After a champagne toast accompanied by a taste of the South—drop biscuits with ham—we take our places around the dining room table. Some of my fondest early memories were around a table like this one. My grandmother, Hattie Mae, would stand over a hot stove for hours, preparing cheese grits, homemade biscuits dripping with butter, home-cured ham, red-eye gravy—and that was just breakfast! During Sunday supper—the one day when the preacher from Kosciusko Baptist Church down the road was sure to stop in to join us—our table was heaped with smothered chicken, black-eyed peas, fried okra and buttered cornbread. Food was the guest of honor, covering so much of the table there was hardly room for plates. As Stedman gives thanks for the bounty before us and the spirit of those gathered, I am grateful, more than 40 years after sitting at my grandmother's table, that I can offer the same gifts of abundance and care that she passed on to me during our feasts—all of the love, less of the butter.

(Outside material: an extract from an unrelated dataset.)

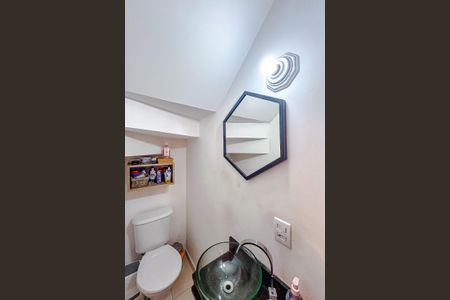 Lavabo de casa de condomínio à venda com 3 quartos, 141m² em Penha de França, São Paulo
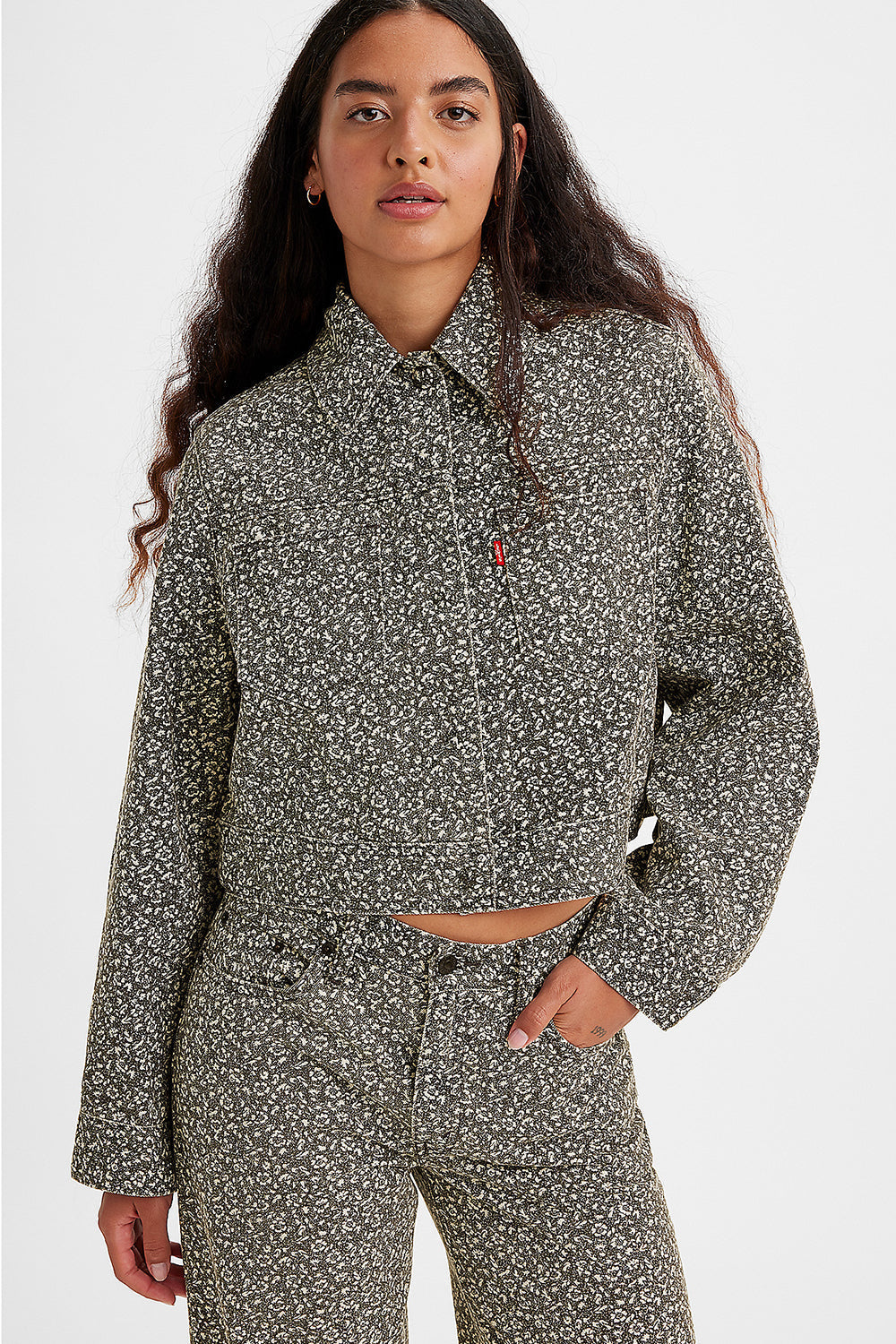Wellthread® Fleur Jacket Moonflower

Beneath the flicker of 12 dancing flames from the chandelier, dinner is punctuated with the sounds of celebration: Katy Rose's giggle, the clickety-clack of silver against china, Johnny Mathis crooning "Christmas Is a Feeling in Your Heart" in the background. Stedman carves the bird. I lift my glass for a wine toast: Gayle, the consummate abstainer who would ask a bartender for a hit of milk, of course declines. What she will partake of is the irresistible dessert: The fluffy coconut cake looks like it has floated right down from heaven and onto our plates. Later, in the living room, where crystal ornaments hang in the windows and the blue spruce towers more than ten feet into the air, Art serves up one of his grandma's old-time Southern recipes: a vanilla-fudge-like candy called divinity.
As a child, I always dreamed of the ideal Christmas: bows of holly on the staircase, mistletoe in all the doorways, snowman in the yard, elf dolls in every corner. In all my years of growing up, I'd never even had a real tree—and our fake one was only three feet high, dressed with one of those colored-light twirls. So for the first time, back in 1989, I gave myself all that I'd thought I wanted—starting with an ornament party, since I had not one single ornament to my name. As I sit with friends in front of a fireplace now, surrounded by more ornaments than I ever thought I'd own, I remember what I realized more than a decade ago: Christmas can't be found on a tree or in a package. It comes with the rich connections we make with those around us and with the nurturing we extend to ourselves and others—those are the gifts that count. Johnny Mathis had it right: Christmas is a feeling in your heart. And whether you're commemorating Chanukah, Kwanzaa, or December 25, the celebration is meaningful only if the spirit of the day lives strong in you all year round.